Speaker:Nate Chambers (US Naval Academy)

Date and Time: 10am CT, July 24

Place: TBD


Adversarial text is written with obfuscated words and characters for the purpose of fooling machine learned extractors. Illicit domains like human trafficking often employ such text obfuscation techniques. This talk will address the challenge of extracting phone numbers from such noisy text, like "3wõn7_28tree(øne)_573", but more broadly the talk will discuss the NLP challenge of dealing with unicode in any domain. With very little available training data, how can today's neural models learn to generalize to the diversity of noise available to an adversarial writer? This talk will present a couple solutions to this challenge, focusing on character-based neural models that use typical NLP architectures like LSTMs and CRFs, but also that draw inspiration from the vision community to perform image recognition of the characters with CNNs. I'll first present results from our Best Paper Award at the Workshop for Noisy User-Generated text, exploring extraction from short text snippets, and then show some simple steps to expand it to full document extraction.
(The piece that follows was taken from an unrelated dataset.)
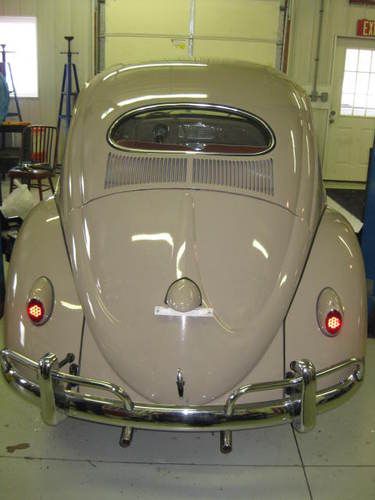 1957 vw beetle volkswgen  oval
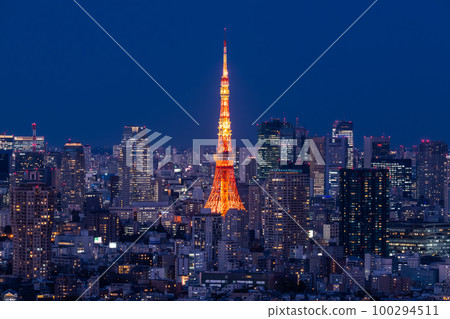 "Tokyo" Tokyo night view, Twilight Blue 100294511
Nate Chambers is an Associate Professor in his 10th year at the US Naval Academy in Annapolis, MD. The Naval Academy is a 4-year undergraduate college where he teaches core computer science including an NLP elective. He received his Ph.D. from Stanford in 2011 with a dissertation on learning event scripts and schemas from large amounts of text. His main research has bounced between script learning and temporal reasoning, including the development of the temporal ordering system CAEVO, and annotation projects like TimeBank Dense and CaTeRS. He is excited that DARPA recently started a new program (KAIROS) focused on learning this type of knowledge. While he continues to focus on events and time, he also enjoys working on side projects with undergraduates, and this talk is one of those successes.